EXERCISE DIRECTIONS: Among the lines below, output only those between the line holding "2018 TESLA MODEL S" and the line holding "Doki Business Apartment", inclusive, exactly as written and with no pictures.

MATERIAL SHOWN:
BEGIN
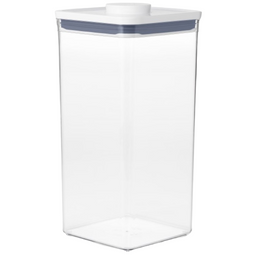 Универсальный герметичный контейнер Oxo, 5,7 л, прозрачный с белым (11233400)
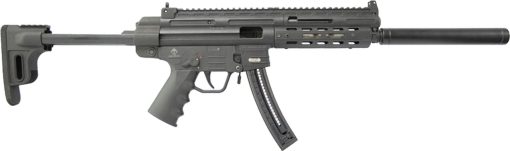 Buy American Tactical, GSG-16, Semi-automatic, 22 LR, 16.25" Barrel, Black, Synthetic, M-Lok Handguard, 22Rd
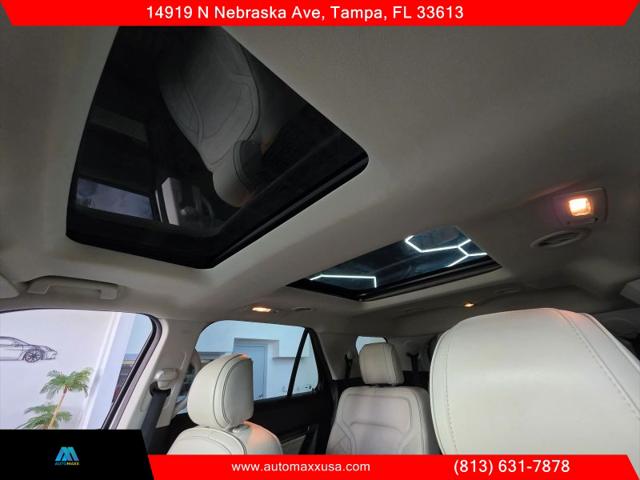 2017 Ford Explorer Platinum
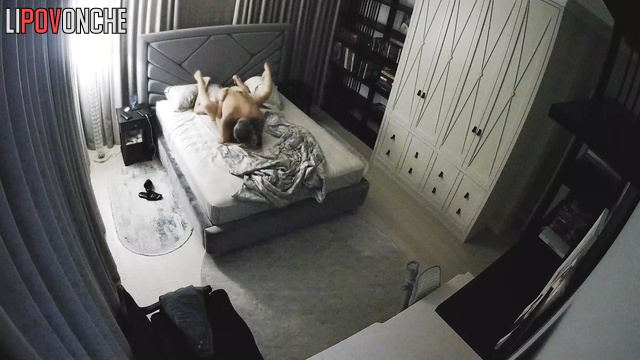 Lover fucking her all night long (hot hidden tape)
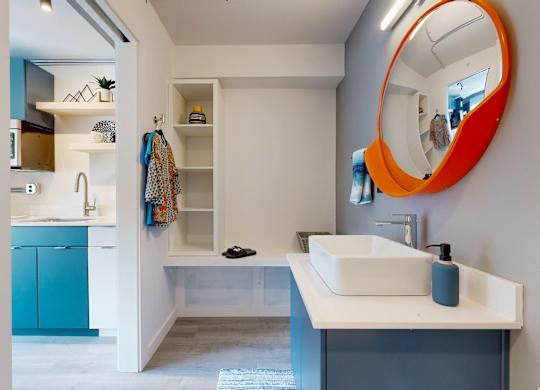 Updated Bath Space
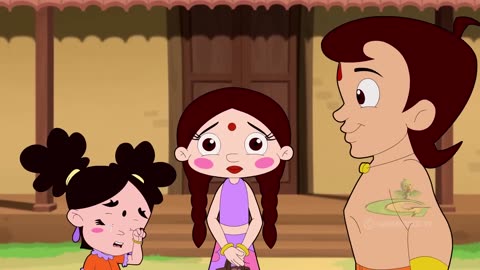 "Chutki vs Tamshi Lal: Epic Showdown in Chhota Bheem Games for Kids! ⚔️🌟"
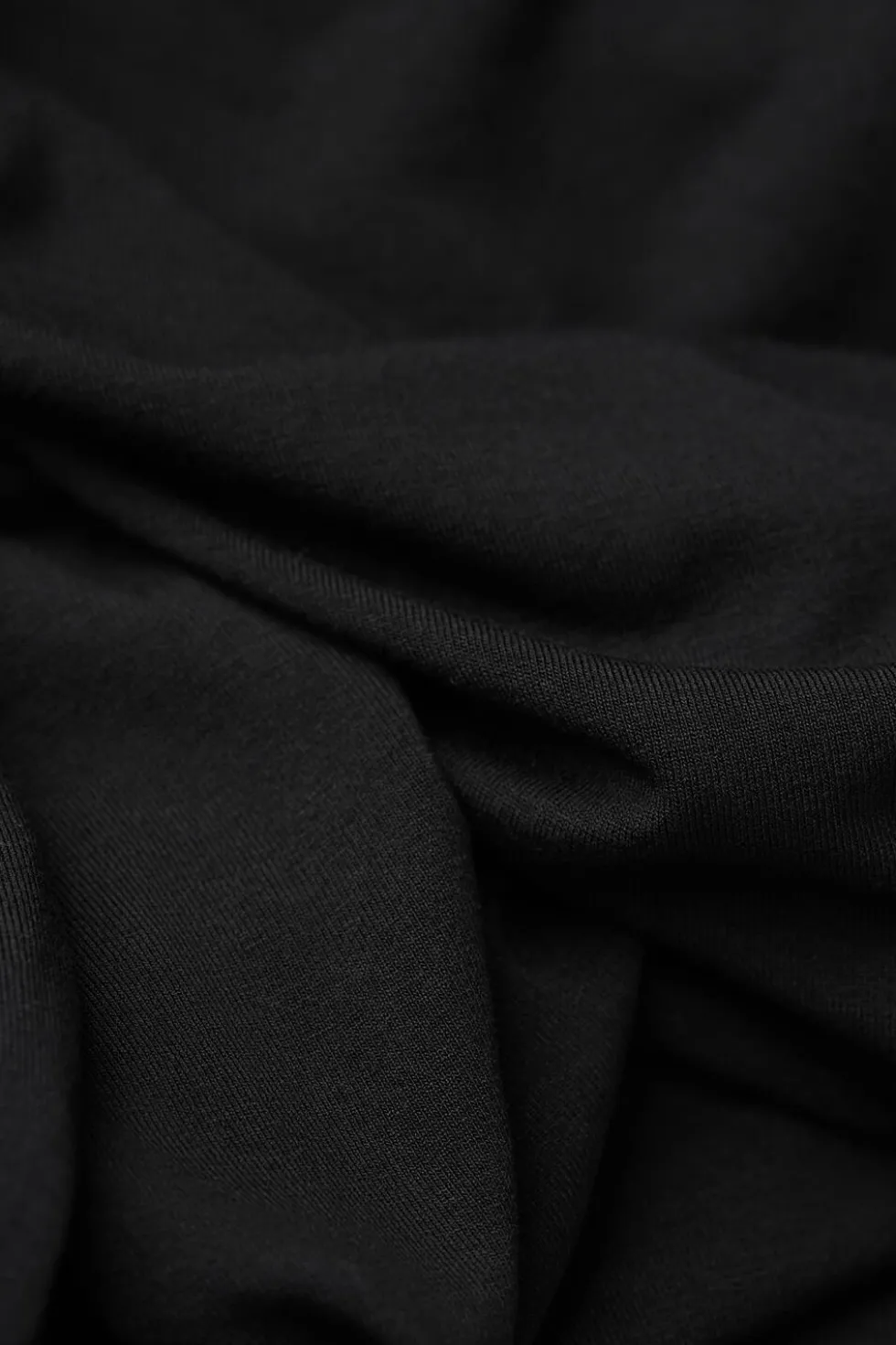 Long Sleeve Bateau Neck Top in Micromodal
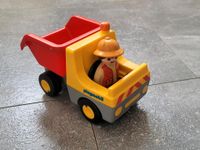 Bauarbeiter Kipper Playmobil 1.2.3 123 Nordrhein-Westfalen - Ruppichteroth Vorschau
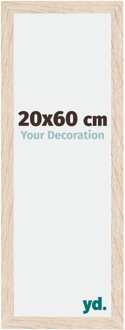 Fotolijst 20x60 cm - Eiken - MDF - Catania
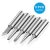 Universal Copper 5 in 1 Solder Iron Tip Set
END
BEGIN
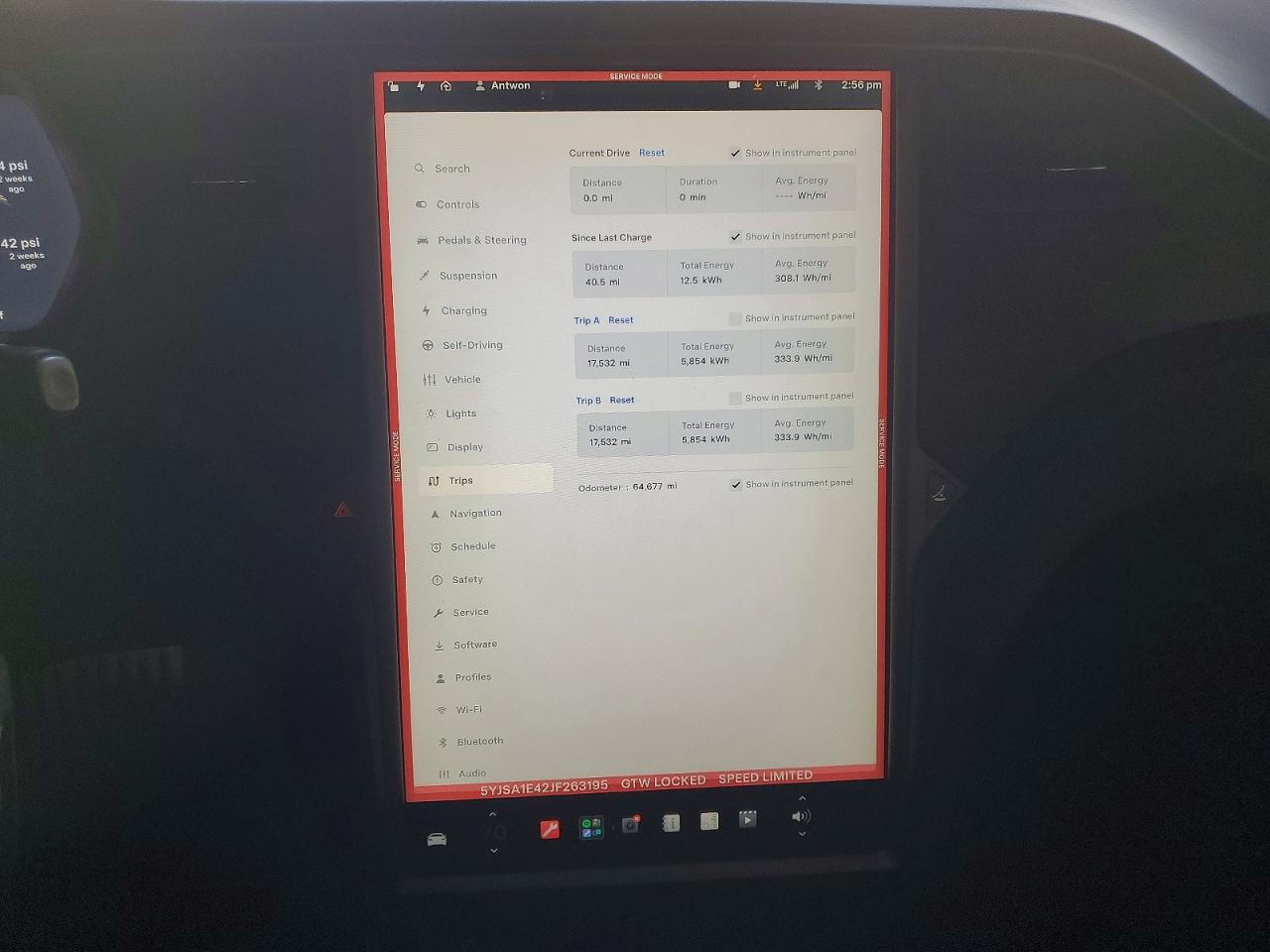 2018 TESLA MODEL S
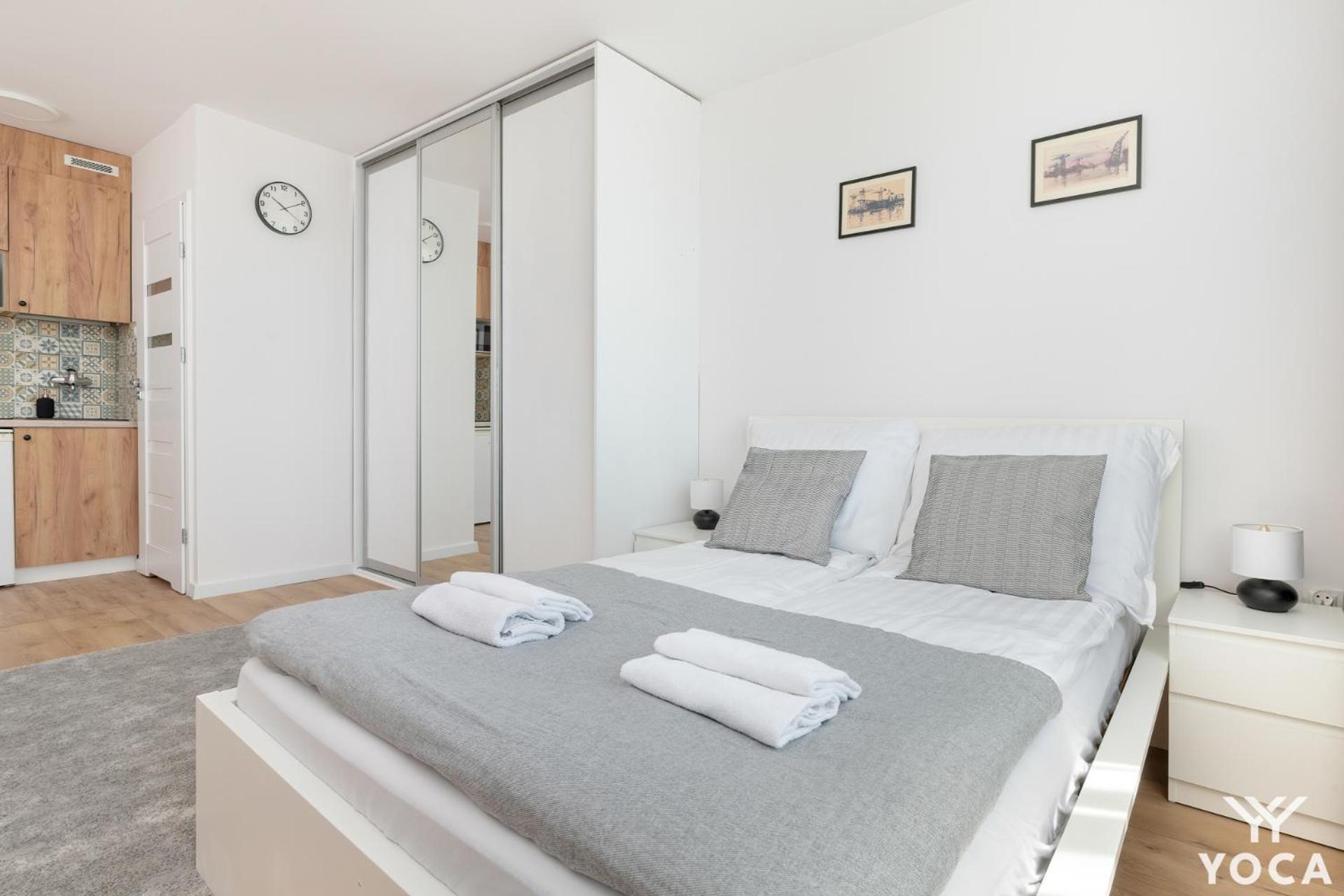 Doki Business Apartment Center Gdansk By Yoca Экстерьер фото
END
TASK OUTPUT:
 2018 TESLA MODEL S
 Doki Business Apartment Center Gdansk By Yoca Экстерьер фото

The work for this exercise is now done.